■ REQUIRED WORK
Could you write out every record below exactly, leaving out any pictures?
BEGIN DATA RECORDS
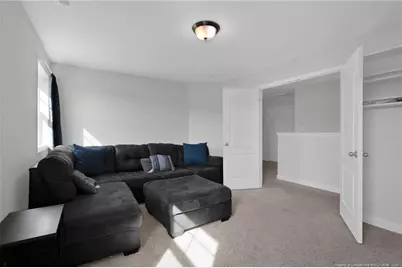 3850 Standardbred Drive, Hope Mills, NC 28348 - Photo 18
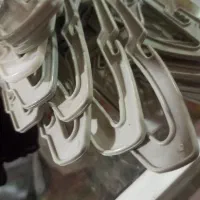 چوب لباسی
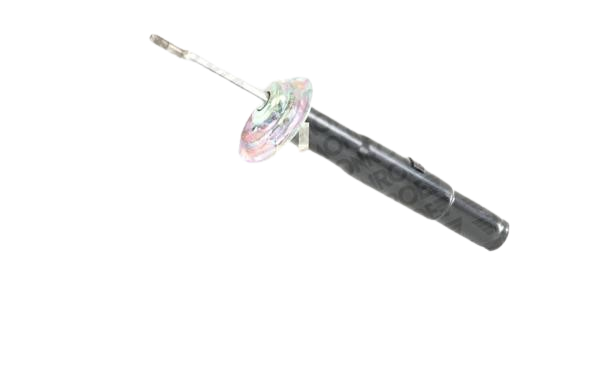 MONROE Reflex Coppia ammortizzatori anteriori per BMW Serie 5 (E60)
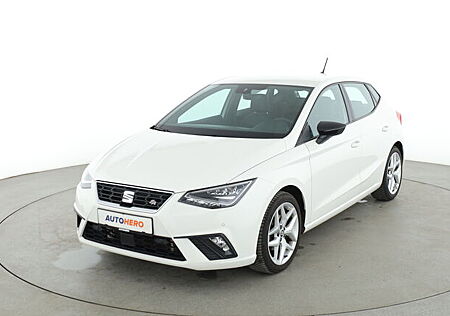 Seat Ibiza 1.0 TSI FR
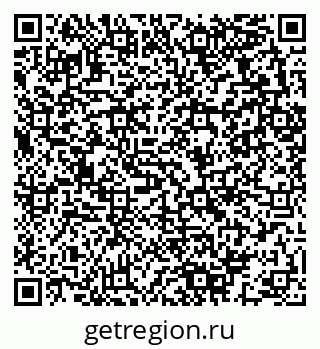 79280063573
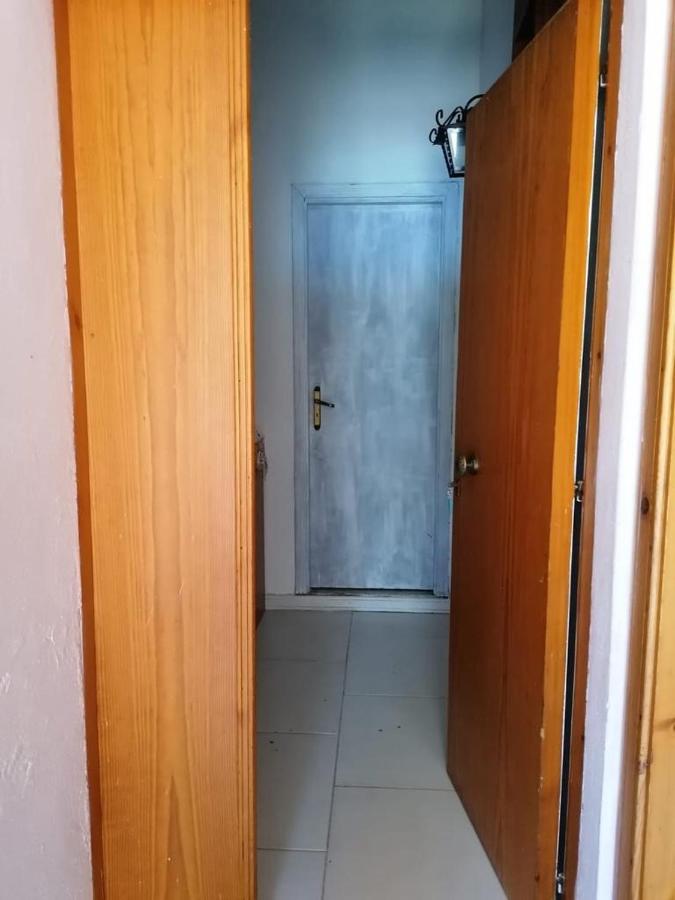 Casa Dorotea 1 photo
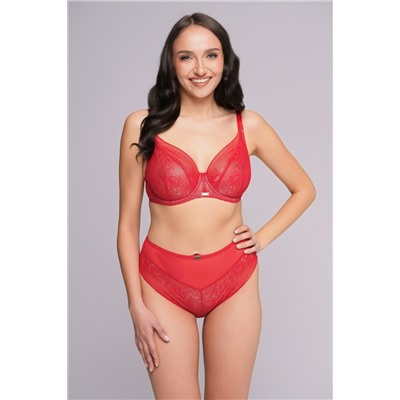 2252 трусы бразильянки AVA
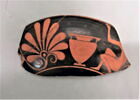 coupe, image 1/3
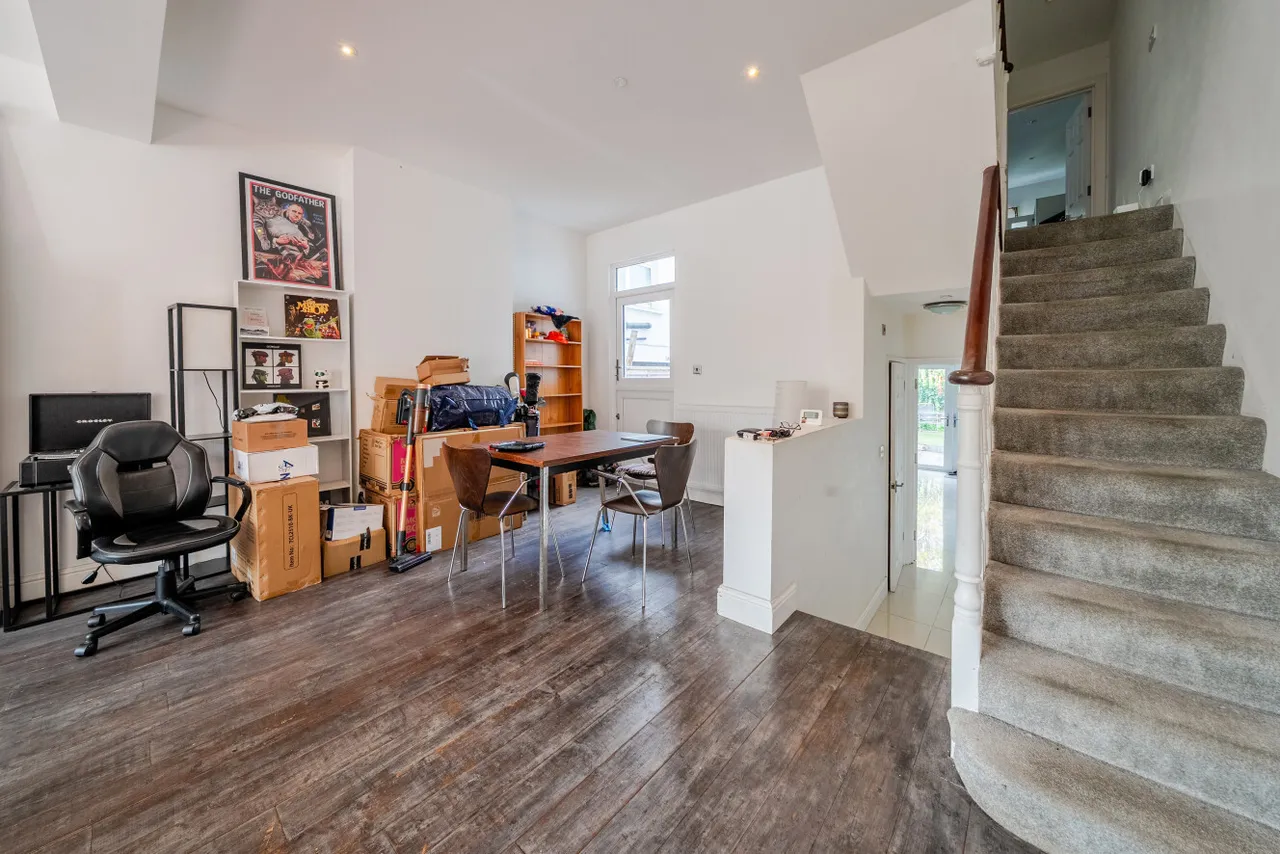 Hambro Road, Streatham, SW16, photo 7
END DATA RECORDS
■ WRITTEN ANSWER
 3850 Standardbred Drive, Hope Mills, NC 28348 - Photo 18
 چوب لباسی
 MONROE Reflex Coppia ammortizzatori anteriori per BMW Serie 5 (E60)
 Seat Ibiza 1.0 TSI FR
 79280063573
 Casa Dorotea 1 photo
 2252 трусы бразильянки AVA
 coupe, image 1/3
 Hambro Road, Streatham, SW16, photo 7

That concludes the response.